But despite these self-recognitions, or admonitions, I did get to push the Vios a bit, discovering as soon as I got past the toll in Balintawak before dawn that the thing had power in its lean frame. It was solid at 100kph; you never felt at any time it was getting out of hand. I didn't bother pushing it beyond that, my assignment for Top Gear not including insurance.
It was another story climbing up Kennon. There, the Vios truly showed its frailer 1.3-liter constitution, overcoming the long and winding road with considerable effort. Despite the fairly light traffic (Lent this year did not send the usual Manila crowd scrambling up the mountain), I managed only first and second gear for the most part.

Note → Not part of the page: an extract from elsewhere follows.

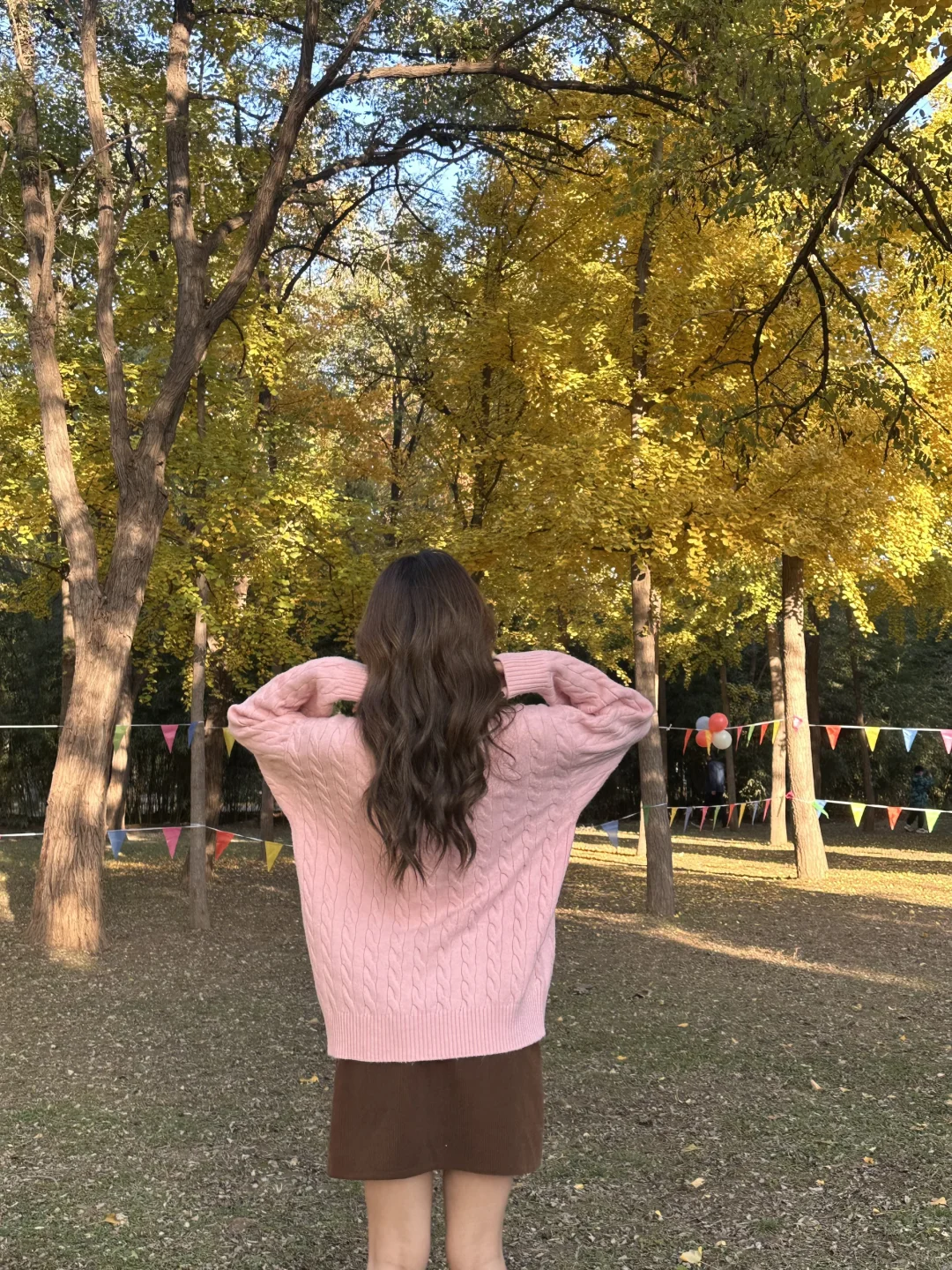 邢台森林公园的秋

But here's the truly good news. Before I left, I filled the near-empty tank of gas, which set me back by P1,750. With that, I drove up to Baguio and drove around the place for the next three days. Baguio, of course, isn't very big, and I didn't bother traipsing to nearby places.
And though the summer capital didn't pull in the usual Attila's horde this Lent, it did pose heavy traffic in some parts, no small thanks to GMA and her retinue who probably accounted for half of the sudden migration, which discouraged moving about frenetically during the day. That notwithstanding, I figure I did my fair share of scouring the place over in those three days (and nights). Then I drove back to Manila. I didn't have to gas up again until I reached Balintawak.

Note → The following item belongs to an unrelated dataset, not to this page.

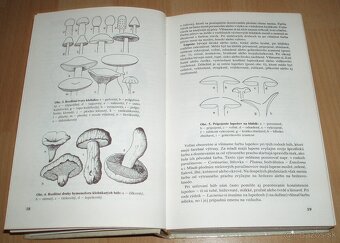 Huby lesov, polí a lúk - 5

That's not a bad deal in these fuel-starved times. That clinched the deal for me. The Vios I subsequently got was a silver one-the "J" series features only red, silver and blue-since I figured that not only did it not call undue attention to me but it went well with my long silver hair. Of course, most everyone I know says my hair isn't silver-it's white, and dirty white at that. But we're all entitled to delude ourselves once in a while.
The only thing that keeps me from being a completely happy camper is that the silver Vios 1.3 J also seems to be standard issue of the PNP. I see those patrol cars everywhere, particularly at night. I don't know that it's a very flattering thought that you have the same taste as Sonny Razon. But he probably has to be commended for choosing the cheapest car to equip his crew.
I don't mind at all that I drive the same car as my not very friendly neighborhood mamang pulis. I'm not a snob there. What I do mind, or fear, is that, if that is the case, the Vios' darkest secret should now be well-known to those who mean to dispossess their owners of them.
Infer from that what you will. But please do not attribute to me the theory that Manila's Finest are to be found among the finest lecturers of the School of Carjackers.